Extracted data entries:
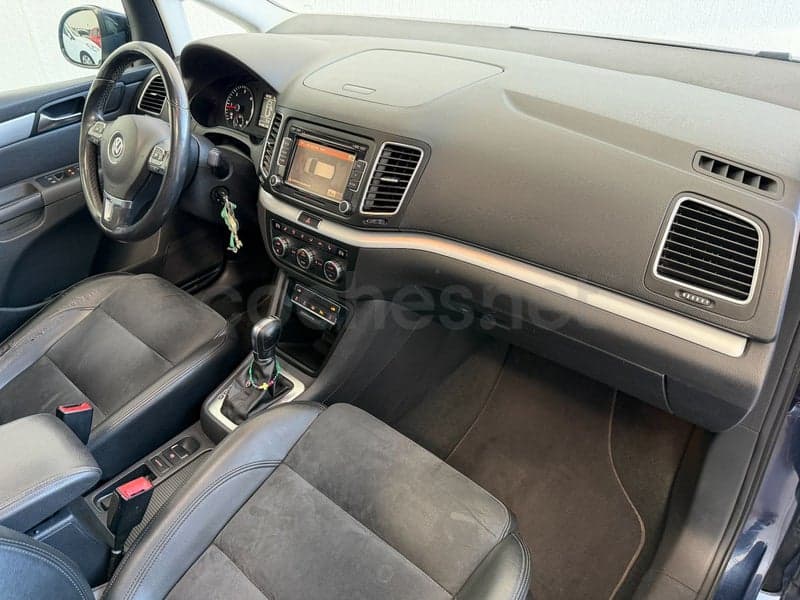 VOLKSWAGEN Sharan — foto 7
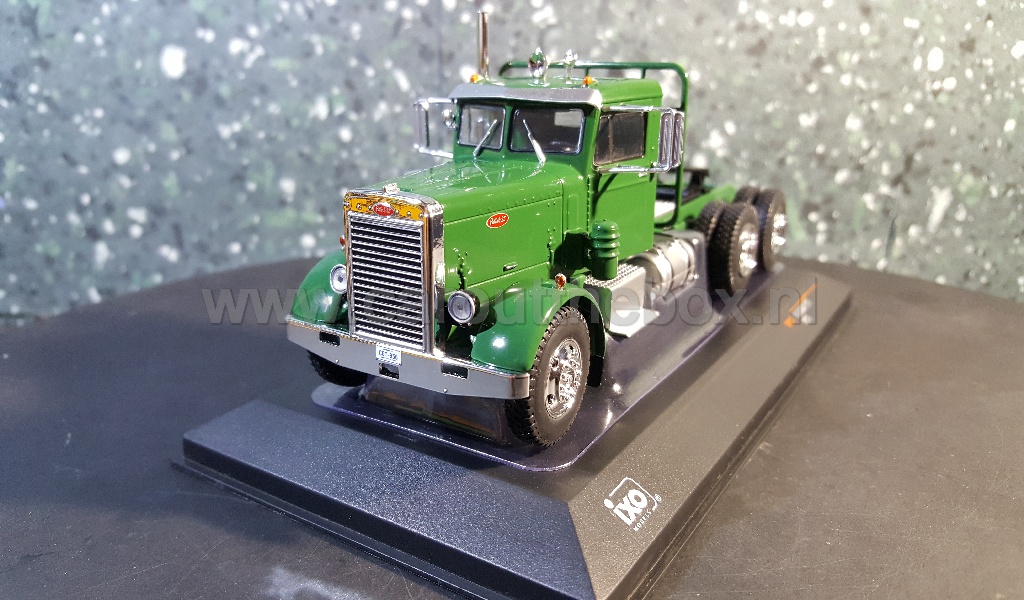 Peterbilt 281 groen 1:43 Ixo - Afbeelding 2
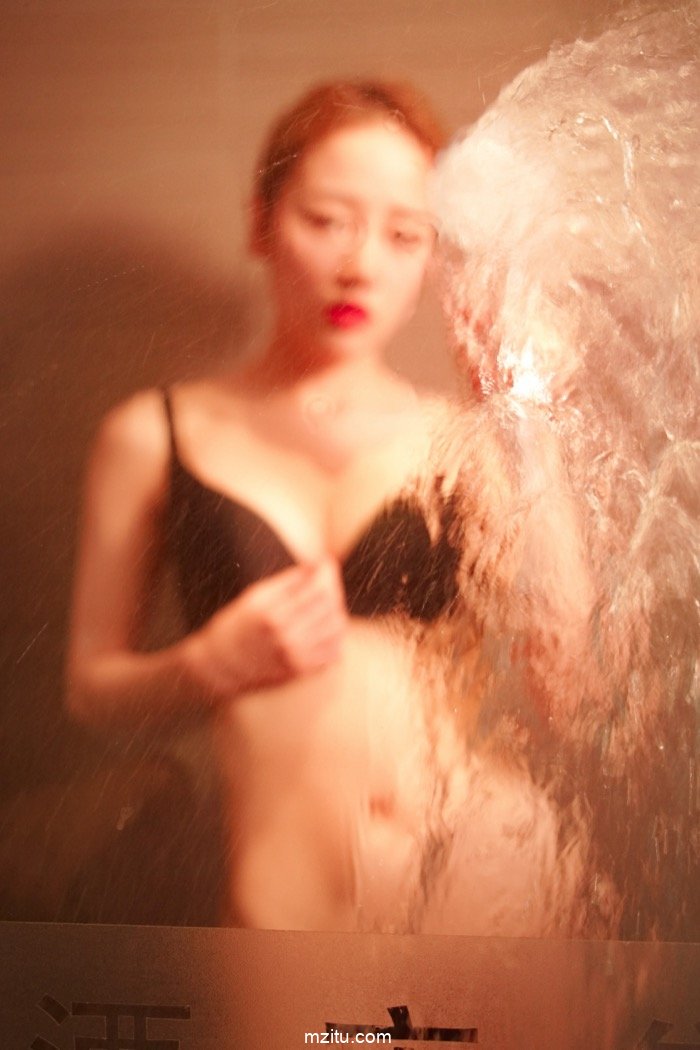 妩媚女人牛奶湿身演绎极致诱惑 成熟性感的身材让人大饱眼福
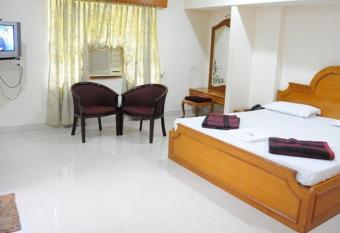Lloyds Guest House, North Boag Road, T. Nagar has Balcony rooms
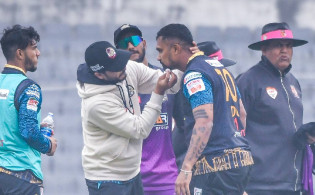 ব্রেকিং নিউজ, বল মাথায় লেগে রক্তাক্ত হয়ে মাঠ ছাড়লেন গুনাথিলাকা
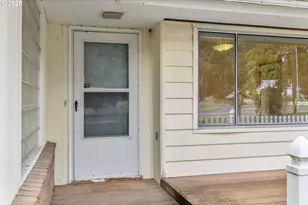 1412 N Main Ave, White Salmon, WA 98672 - Photo 5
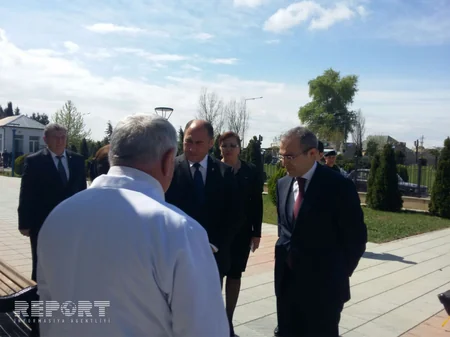 Təhsil naziri Bərdədə ermənilərin yaraladığı məktəbliyə baş çəkib - FOTO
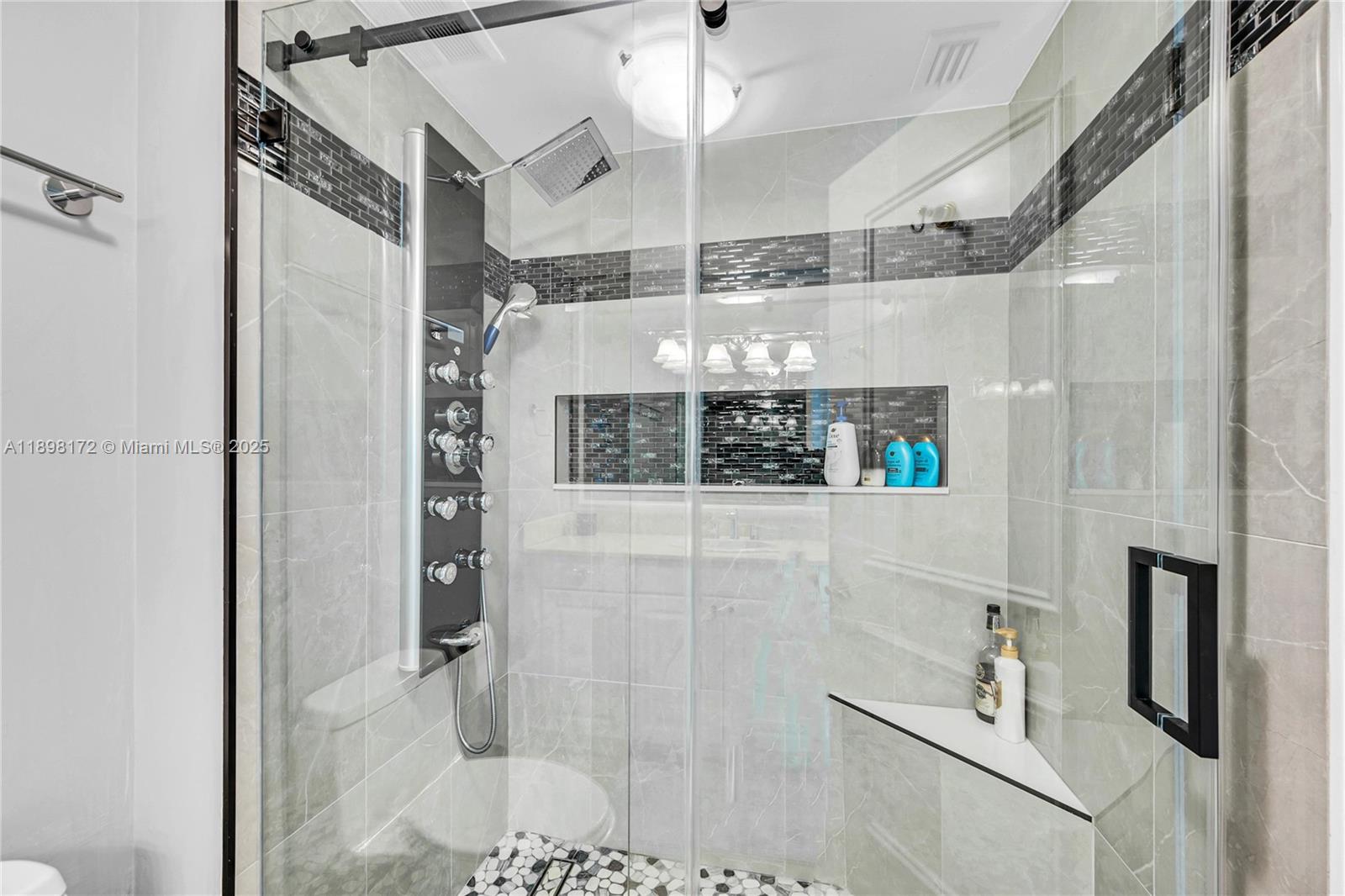 image Hamptons South60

Problem —
Please print the span that begins at the line holding "ব্রেকিং নিউজ, বল" and ends at the last line of the data, both ends included, with no pictures.

Exercise solution —
 ব্রেকিং নিউজ, বল মাথায় লেগে রক্তাক্ত হয়ে মাঠ ছাড়লেন গুনাথিলাকা
 1412 N Main Ave, White Salmon, WA 98672 - Photo 5
 Təhsil naziri Bərdədə ermənilərin yaraladığı məktəbliyə baş çəkib - FOTO
 image Hamptons South60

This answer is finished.